You make a point that the Eiffel Tower attracts you with the same amount of force that you attract the Eiffel Tower. Ok, let us consider a situation where you are surrounded by six Eiffel Towers. You are standing in the middle of the hexagon formed by the towers.

You attract all towers with the same amount of force that towers attract you, right. Does the attraction between you and the first tower get cancelled by the attraction between you and the fourth tower? Does the attraction between you and the second tower get cancelled by the attraction betwen you and the fifth tower? Does the attraction by you on the third tower get cancelled by the attraction between you and the sixth tower? The answer obviously is no, the pulls are balanced, but the physical arrangement I have described has not changed, the pulls are still present. It was that pull that the individual gram mass has on its surrounding gram masses that I have trigonometrically calculated. The results you have already seen.

Boerseun:

You mention deep mines. In Australian mines a gravitometer was taken to very deep levels. The pull of gravity dropped off faster than it should have. They resolved that this could be caused by a heavy mass below the mine shaft or the mass of the earth is located at a higher level than is currently predictated by the hot-core model. Very curious another scientific disconnect. I have identified 26 scientific disconnects that prague the hot-core model. All of them are resolved with a cold-core model.

Posted
Pyrotex: You make a point that the Eiffel Tower attracts you with the same amount of force that you attract the Eiffel Tower. Ok, let us consider a situation where you are surrounded by six Eiffel Towers. You are standing in the middle of the hexagon formed by the towers.

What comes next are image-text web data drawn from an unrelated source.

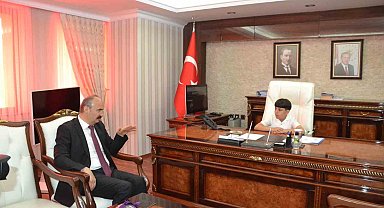 Vali koltuğuna oturan öğrenci, yeşil alanların artırılmasını istedi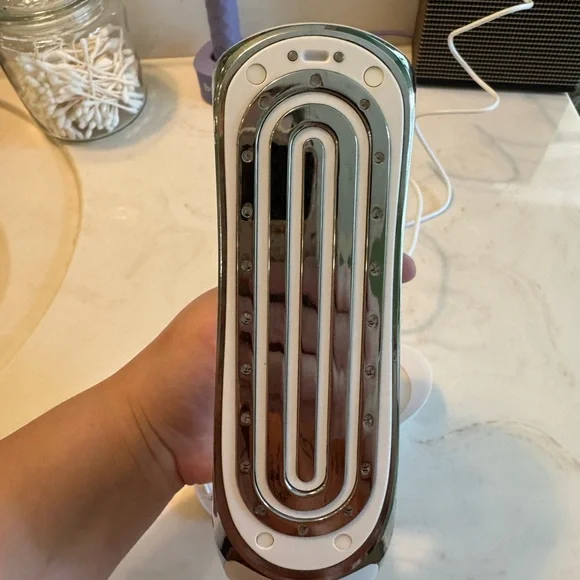 Cellulite Reducing Device - White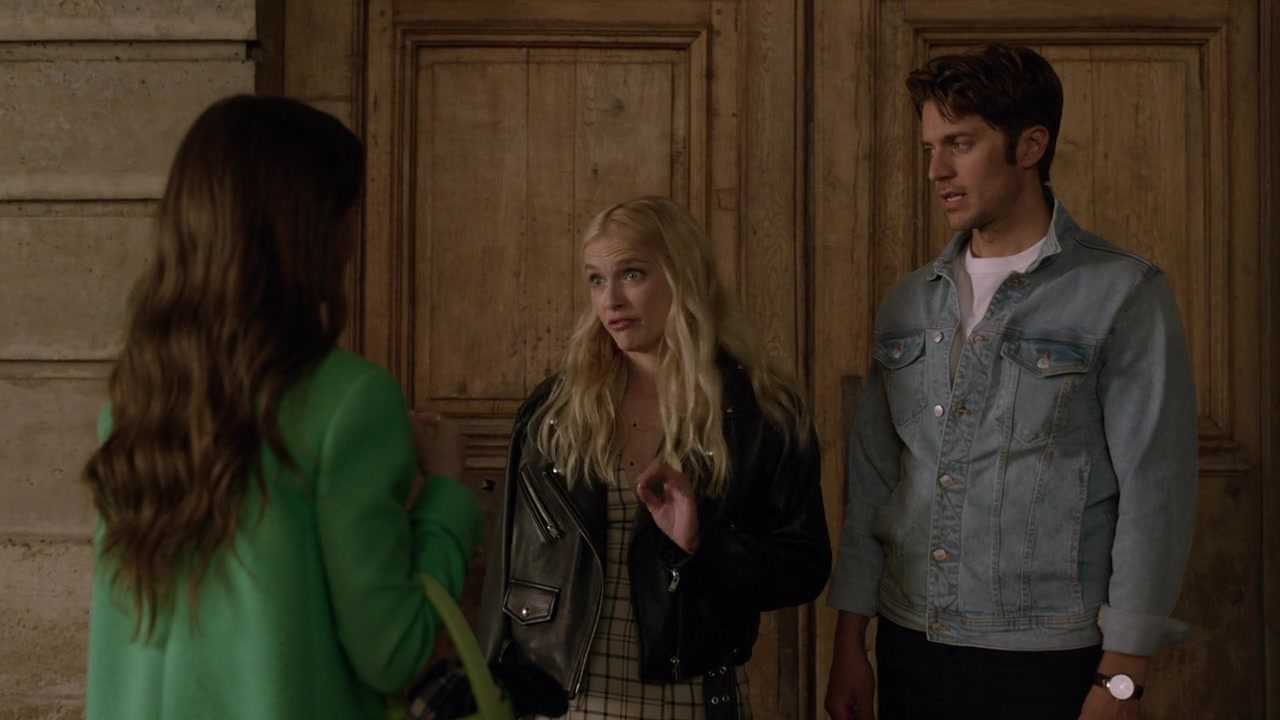 Emily_in_Paris_S01E05_Faux_Amis_720p_NF_WEB-DL_DDP5_1_x264-BTN_0455.jpg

You attract all towers with the same amount of force that towers attract you, right. Does the attraction between you and the first tower get cancelled by the attraction between you and the fourth tower? Does the attraction between you and the second tower get cancelled by the attraction betwen you and the fifth tower? Does the attraction by you on the third tower get cancelled by the attraction between you and the sixth tower? The answer obviously is no, the pulls are balanced, but the physical arrangement I have described has not changed, the pulls are still present. It was that pull that the individual gram mass has on its surrounding gram masses that I have trigonometrically calculated. The results you have already seen.

Cold-co,

 

Point of note: When the use of the phrase: "cancels out", this does Not mean that it goes away. The force is still present. It has met an equivalent match which makes it's

contribution irrelevant. So in the case of six-equidistant Eiffel Towers in an exact

arraingements as to give complete symmetry, you could create an effect that the sum

total would "cancel out". Non-the-less, all six Eiffel Towers and you would feel the effects

of 1g acceleration of the Earth. So all the Eiffels and you would feel the pull of the Earth.

 

Boerseun: You mention deep mines. In Australian mines a gravitometer was taken to very deep levels. The pull of gravity dropped off faster than it should have. They resolved that this could be caused by a heavy mass below the mine shaft or the mass of the earth is located at a higher level than is currently predictated by the hot-core model. Very curious another scientific disconnect. I have identified 26 scientific disconnects that prague the hot-core model. All of them are resolved with a cold-core model.

You are not going to be able to explain Van Allen Radiation without a Hot-Core Model.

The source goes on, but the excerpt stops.